14.3.19

Brexit – masoquismo e sadomasoquismo

Por C. Barroco Esperança

É difícil a um convicto europeísta entender a obstinação do Parlamento inglês que, após a vitória do Brexit, perante claros indícios de que o resultado de um novo referendo não se repetiria, persiste na cega determinação de reduzir o Reino Unido a uma pequena Inglaterra e País de Gales, sem viabilizar uma nova consulta eleitoral.
Que interesses ou ambições pessoais oculta a renúncia a outro referendo?
Cameron, oportunista e cobarde, foi responsável pelo isolamento britânico que está em vias de consumar-se, arrastando a UE na irrelevância para que caminha o RU. Nem a senhora May nem Jeremy Corbyn desejam consultar de novo o eleitorado, numa matéria que condiciona o futuro das novas gerações de um e de outro lado do Canal da Mancha.
O Reino Unido perde grandes empresas, diminui o poder de compra dos seus cidadãos e isola-se, convencido de que é o mundo que fica separado do Império Britânico, e arrisca tornar-se mais dependente dos EUA onde a política de Trump não lhe augura segurança.
A União Europeia, por maiores que sejam as críticas que mereça, poderia sempre vir a ser o que os seus Estados quisessem, construir o modelo que desejassem e tornar-se a potência que o PIB e a população, superiores aos EUA, permitia.
A União Europeia deixa de contar com a segunda economia e as mais poderosas Forças Armadas. Numa vitória de Pirro, Boris Johnson derrotou Cameron, pois a promessa do referendo, para ganhar eleições, resultou na humilhação do último e na falta de soluções do primeiro, incapaz de medir as consequências.
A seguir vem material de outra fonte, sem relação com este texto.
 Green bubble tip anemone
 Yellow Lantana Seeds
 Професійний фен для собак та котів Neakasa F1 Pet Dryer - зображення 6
O Reino Unido prefere o isolamento, e a UE perde a sua maior potência militar, a única nuclear, além da França, e a mais sólida e antiga democracia. O RU era a vacina contra a tentação autoritária do eixo franco-alemão e a deriva fascizante que regressa à Europa.
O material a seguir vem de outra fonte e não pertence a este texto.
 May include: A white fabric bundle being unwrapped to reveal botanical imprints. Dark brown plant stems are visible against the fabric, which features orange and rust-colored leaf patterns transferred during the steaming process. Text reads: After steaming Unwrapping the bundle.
 A desilusão dos ingleses acompanhou a onda populista e radical da UE, enquanto o PPE combatia os partidos progressistas de todos os países, incluindo o Partido Trabalhista britânico, que se bateu pela permanência, com o sacrifício da sua deputada Jo Cox, símbolo da união do projeto europeu, adversária da xenofobia e da visão conservadora e monetarista da UE.
O Reino Unido arrisca a secessão da Escócia e do País de Gales e convulsões na Irlanda do Norte, enquanto a UE, com o estímulo de Trump e Putin, se expõe à desintegração de Espanha, Itália e Bélgica, com a Córsega a chantagear a França e todo o seu espaço em risco de exacerbar velhos nacionalismos e redefinir novas fronteiras.
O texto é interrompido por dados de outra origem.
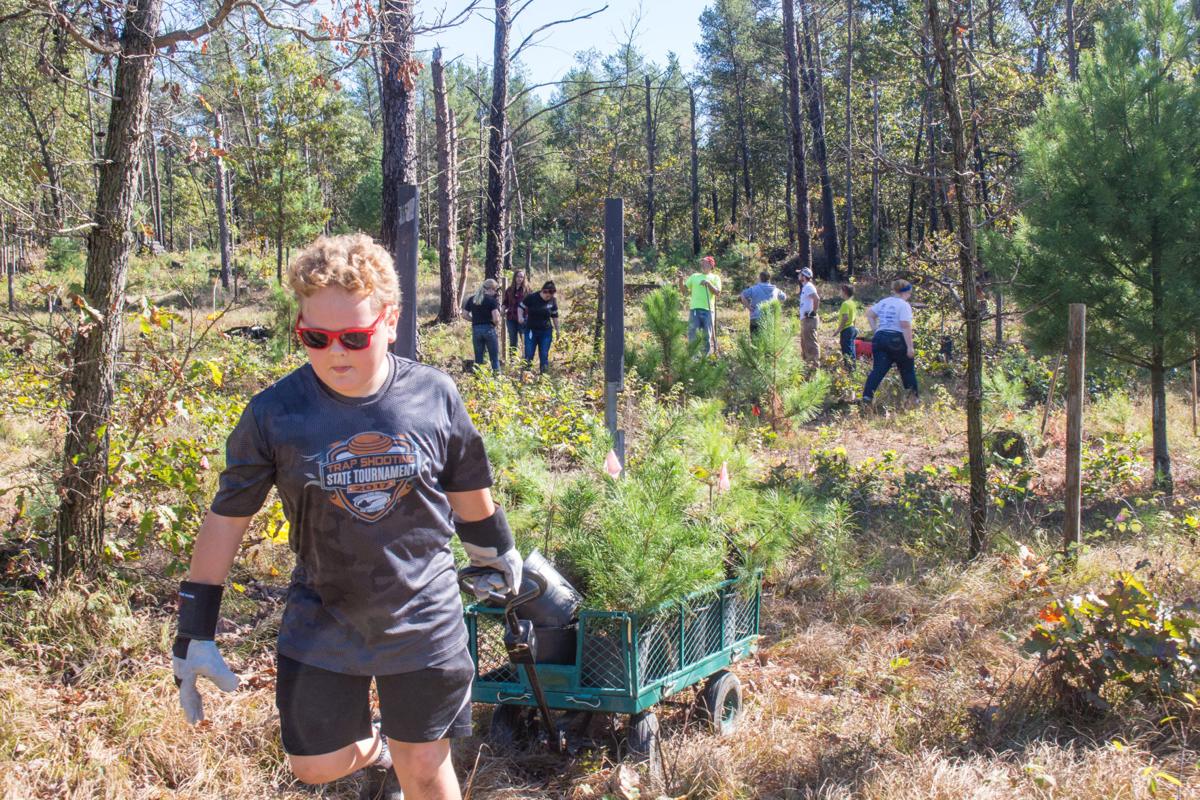 Bangor FFA service project pays dividends | Couleecourier ...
A geografia política da Europa não é imutável nem pacífica; não é perpétua a liberdade nem vitalícia a democracia; os países também não são eternos.
A uma União Europeia fragmentada não insistirá no pedido de adesão a Turquia, é esta que há de vê-la como mais um Curdistão.
Não sei se a rejeição, ontem, do cenário de Brexit sem acordo – em qualquer momento e em qualquer circunstância –, abrirá uma janela de oportunidade para reparar o erro. Só quatro votos salvaram a votação.